--- Task ---
Each entry needs to be reproduced verbatim.

--- Material to process ---
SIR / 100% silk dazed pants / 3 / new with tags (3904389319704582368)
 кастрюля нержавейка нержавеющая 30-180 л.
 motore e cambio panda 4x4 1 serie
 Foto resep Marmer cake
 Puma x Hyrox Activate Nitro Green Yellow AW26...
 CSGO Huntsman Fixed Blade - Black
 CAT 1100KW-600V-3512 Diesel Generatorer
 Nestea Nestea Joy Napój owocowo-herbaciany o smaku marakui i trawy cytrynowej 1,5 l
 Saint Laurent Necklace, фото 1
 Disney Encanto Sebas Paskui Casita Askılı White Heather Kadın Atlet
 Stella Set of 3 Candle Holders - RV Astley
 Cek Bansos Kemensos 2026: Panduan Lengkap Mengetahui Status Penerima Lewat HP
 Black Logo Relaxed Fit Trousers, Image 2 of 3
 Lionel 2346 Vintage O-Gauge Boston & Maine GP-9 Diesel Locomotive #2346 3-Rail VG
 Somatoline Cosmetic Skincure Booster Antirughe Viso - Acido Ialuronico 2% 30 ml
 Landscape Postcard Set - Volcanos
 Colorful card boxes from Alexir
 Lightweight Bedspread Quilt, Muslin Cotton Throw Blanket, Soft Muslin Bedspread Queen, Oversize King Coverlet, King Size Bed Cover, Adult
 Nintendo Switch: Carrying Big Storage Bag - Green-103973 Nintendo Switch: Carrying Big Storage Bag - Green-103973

--- Problem solution ---
SIR / 100% silk dazed pants / 3 / new with tags (3904389319704582368)
 кастрюля нержавейка нержавеющая 30-180 л.
 motore e cambio panda 4x4 1 serie
 Foto resep Marmer cake
 Puma x Hyrox Activate Nitro Green Yellow AW26...
 CSGO Huntsman Fixed Blade - Black
 CAT 1100KW-600V-3512 Diesel Generatorer
 Nestea Nestea Joy Napój owocowo-herbaciany o smaku marakui i trawy cytrynowej 1,5 l
 Saint Laurent Necklace, фото 1
 Disney Encanto Sebas Paskui Casita Askılı White Heather Kadın Atlet
 Stella Set of 3 Candle Holders - RV Astley
 Cek Bansos Kemensos 2026: Panduan Lengkap Mengetahui Status Penerima Lewat HP
 Black Logo Relaxed Fit Trousers, Image 2 of 3
 Lionel 2346 Vintage O-Gauge Boston & Maine GP-9 Diesel Locomotive #2346 3-Rail VG
 Somatoline Cosmetic Skincure Booster Antirughe Viso - Acido Ialuronico 2% 30 ml
 Landscape Postcard Set - Volcanos
 Colorful card boxes from Alexir
 Lightweight Bedspread Quilt, Muslin Cotton Throw Blanket, Soft Muslin Bedspread Queen, Oversize King Coverlet, King Size Bed Cover, Adult
 Nintendo Switch: Carrying Big Storage Bag - Green-103973 Nintendo Switch: Carrying Big Storage Bag - Green-103973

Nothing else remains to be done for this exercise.